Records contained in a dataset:
-------
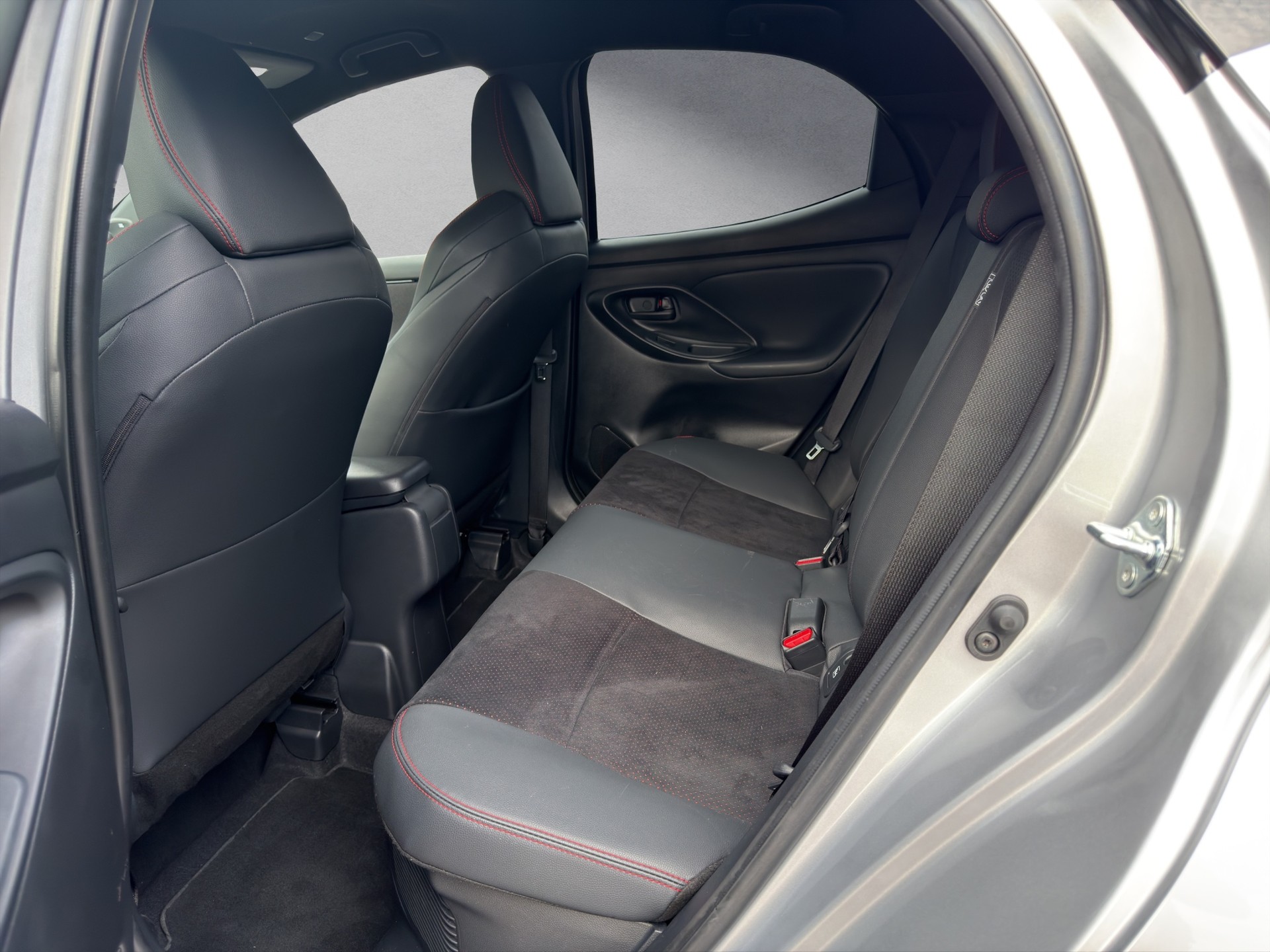TOYOTA Yaris 1.5 VVT-i HSD GR Sport-image-8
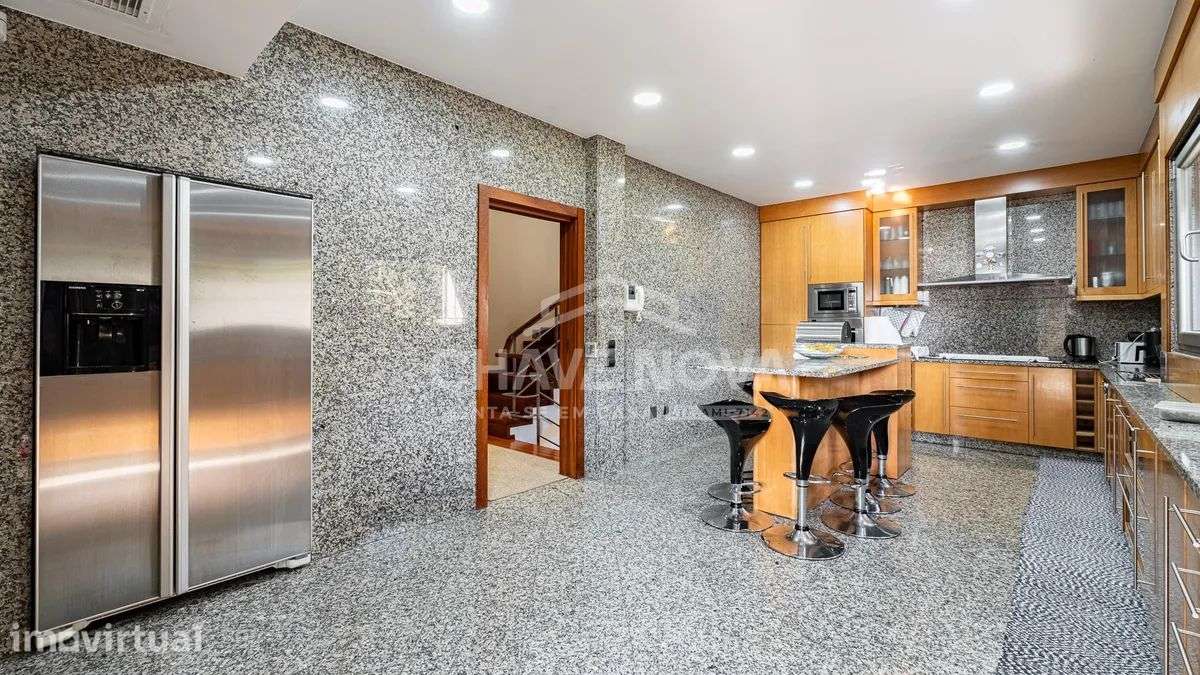 Moradia Isolada V3 c/ Piscina na Madalena - Grande imagem: 4/50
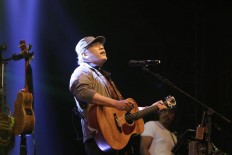 Iwan Fals to celebrate 55th birthday with concert on Saturday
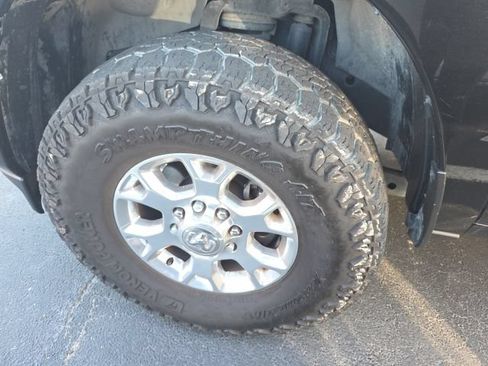 Used 2024 RAM 2500 Laramie AWD/4WD image 7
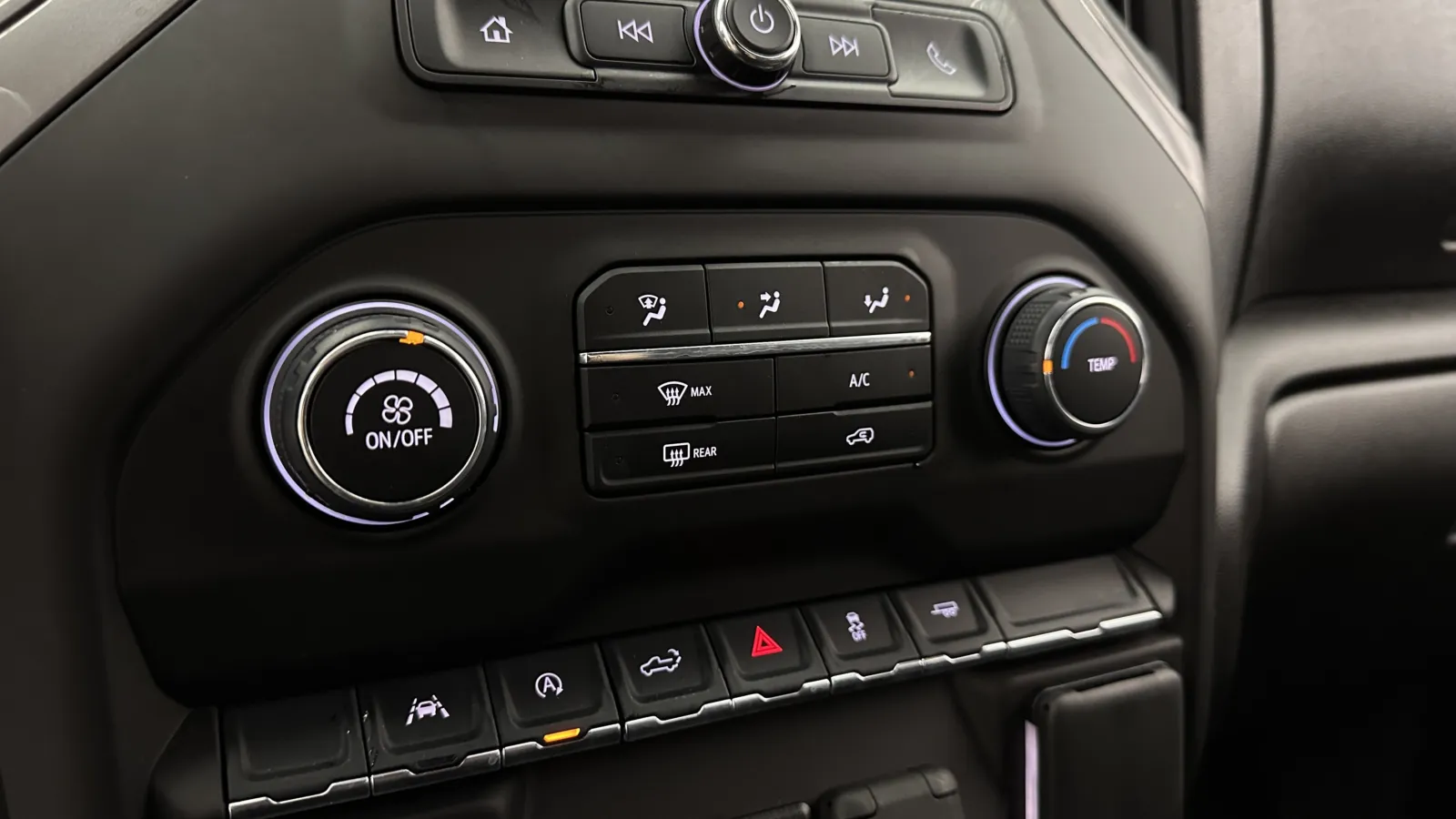 Chevrolet Silverado photo 12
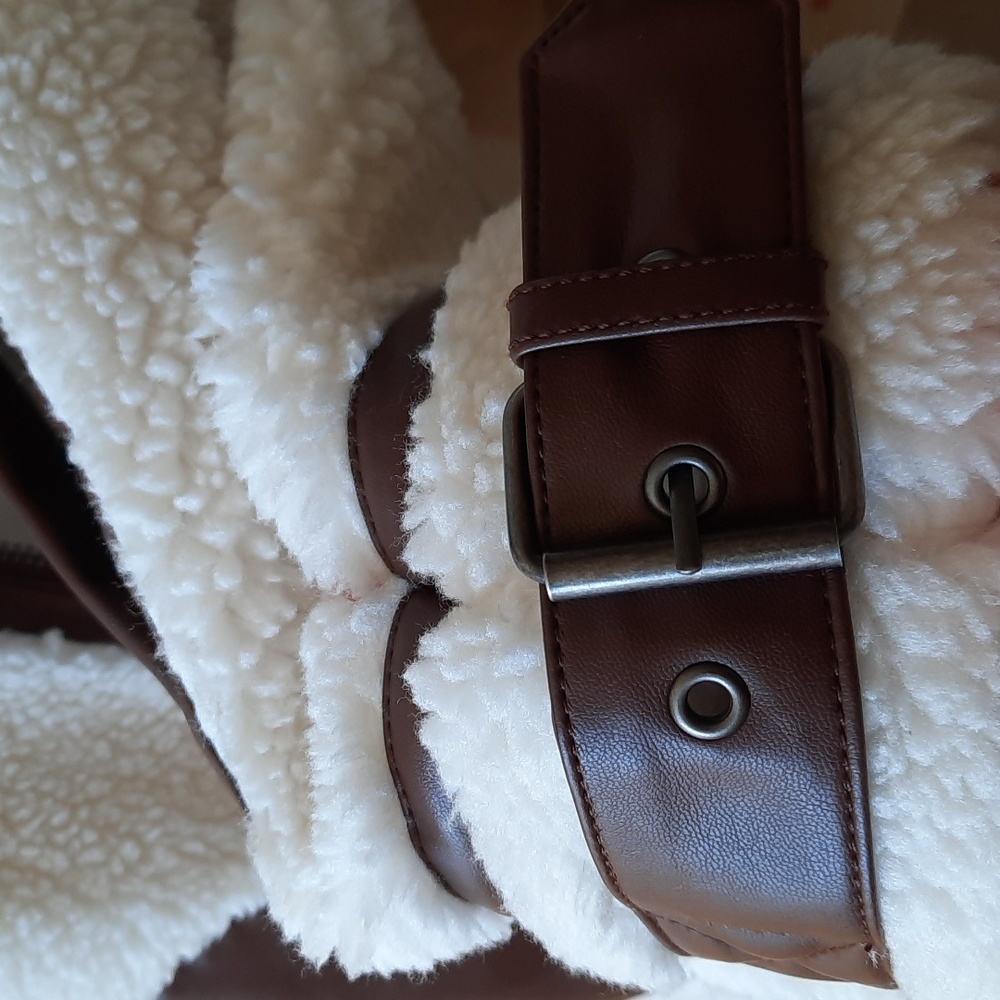 Awesome Levi’s jacket Soft Touch Sherpa Moto Racer Collar style - Picture 9 of 9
-------
Exercise details |
Copy nothing outside the span: please output the lines from the one with "Chevrolet Silverado photo 12" through the end of the entries above, and skip the pictures.

Output below |
 Chevrolet Silverado photo 12
 Awesome Levi’s jacket Soft Touch Sherpa Moto Racer Collar style - Picture 9 of 9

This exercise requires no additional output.